遠めから見れば、まるで事故処理が終わっていないように見えるそれも、近づいてみると柔らかい素材を使った人為的なフェイク-作り物-であることに気付かされる。
変に思って立ち止まりしげしげと見ていると隣にはピントのぼやけた街の写真と一説の文字がプリントされている。
文章は短いもので、しかしながら一貫して大阪の街について、こんな風に述べている
“大阪はかつて水都として栄えていた”・・・50M歩く
“川の水は物資を運ぶ”・・・・50M歩く
“川の波は隅々にまで広がってゆく”・・・・・といった感じに文章が歩く先に歩く先に記載されている。

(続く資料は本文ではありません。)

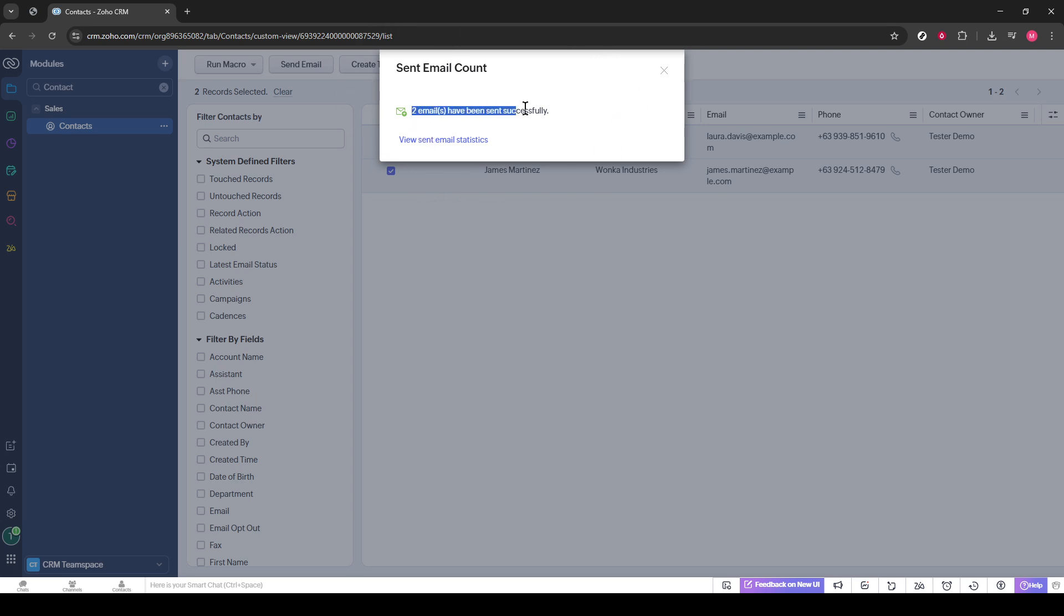And there you have it. Congratulations. You've successfully sent a bulk email in Zoho CRM, saving time and ensuring that your message reaches your entire audience efficiently. Now you can focus on other important aspects of your day, knowing your communication is taken care of. Thanks for watching, and I hope you found this guide helpful.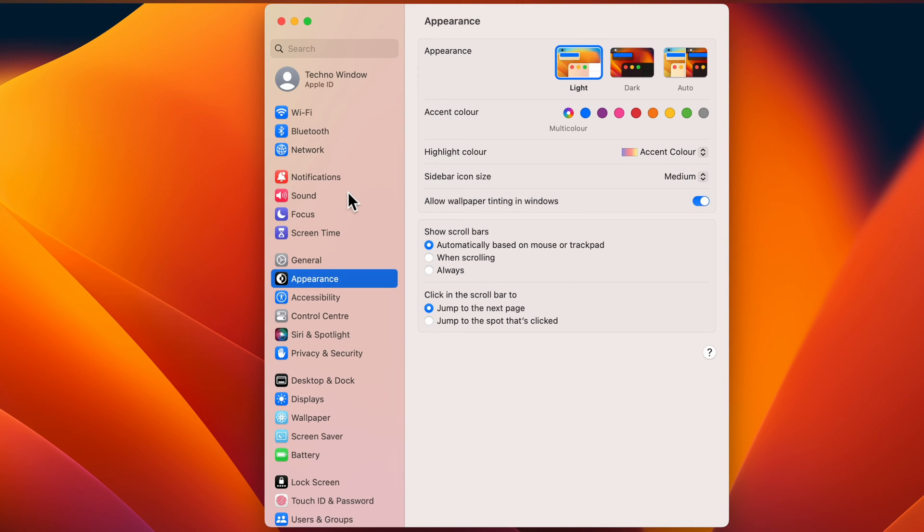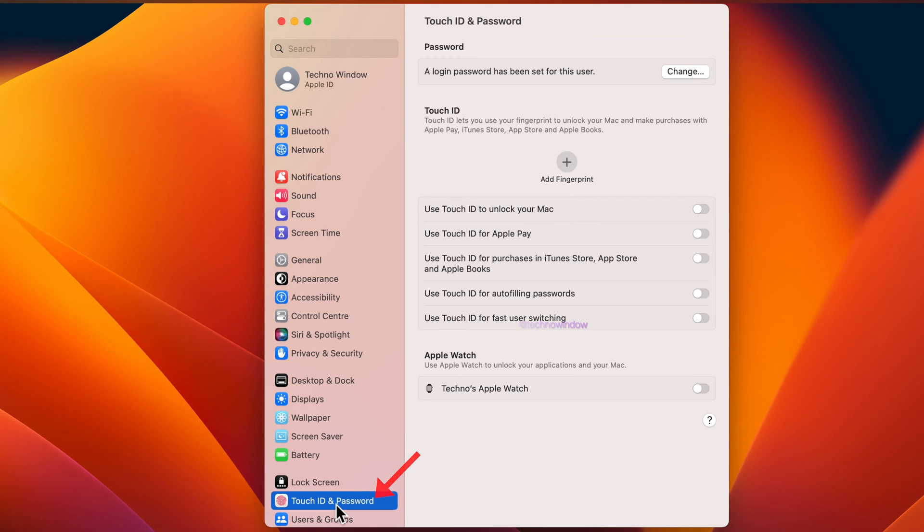In System Settings, scroll down the left-hand sidebar and click to open Touch ID & Password. Click on the change button under the password section.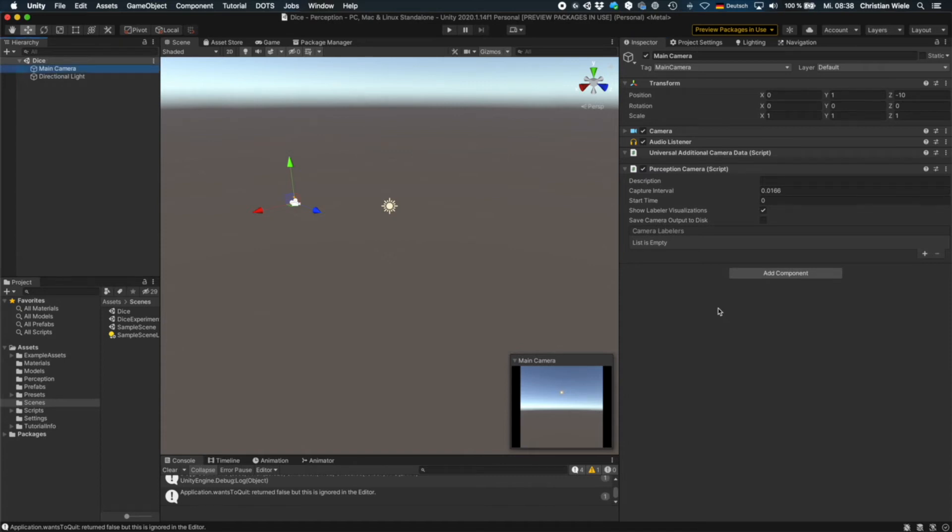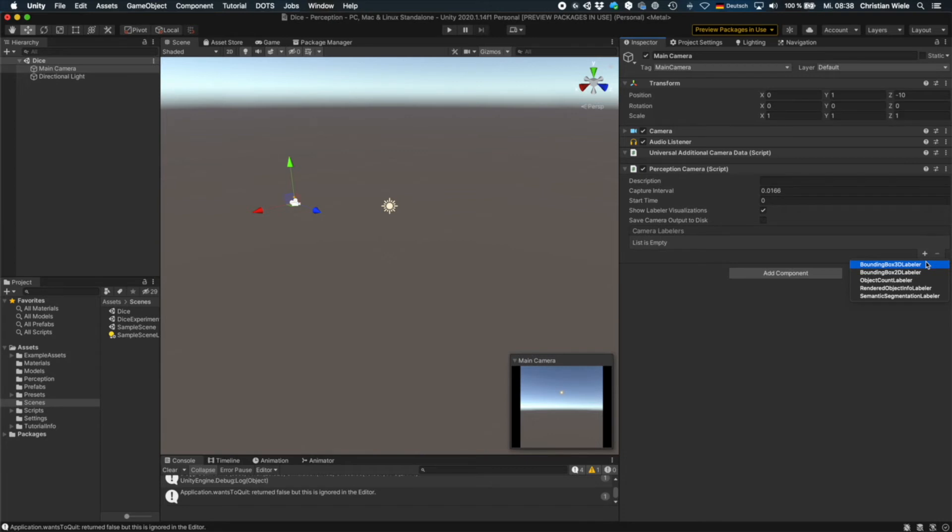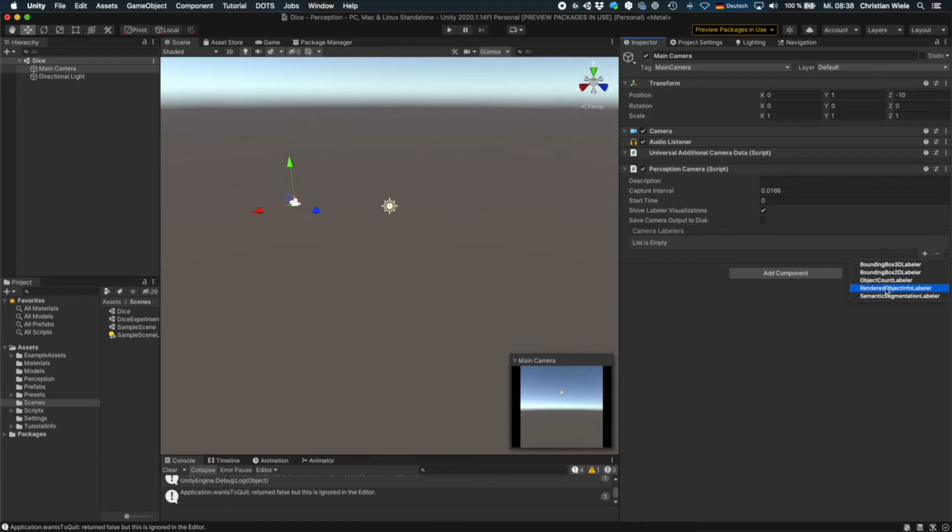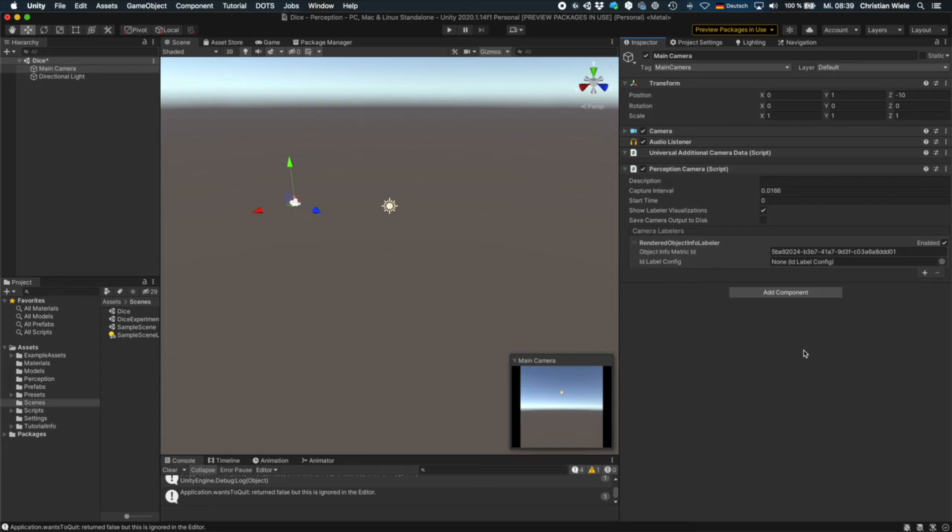Next thing we need to do is to add a labeler to the camera. So there are different labelers to create bounding boxes or counting the objects or just writing out the info or do semantic segmentation. So we are using the rendered object info labeler. This is a basic labeler that assigns the correct label to an image.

そして最後の信号機近くの壁にこのオブジェとも宣伝物とも言える企画のコンセプトが明記されていた。
どうやら、あのカオス理論におけるバタフライ・エフェクトにかけて、何処かで蝶の羽ばたきがあったのならば現在とは違う未来があり、そうであるのならば大阪もまた依然として水都として栄えていたのではないだろうかと仮定し、この事業計画がその違う可能性を実現するものであると言いたいのだろう。つまりあの壁の凹みはそういったパラレル・ワールドからの影響で、今僕が歩いている所には違う時間軸上の何らかの建物や物体があって、それが壁を変形させているということだ。

・・・こんな事するんだね。たっぷり30分は路上で時間潰しができたもの。
なんか壁に書かれた強大な絵本を歩いて読んだ気分で楽しかった。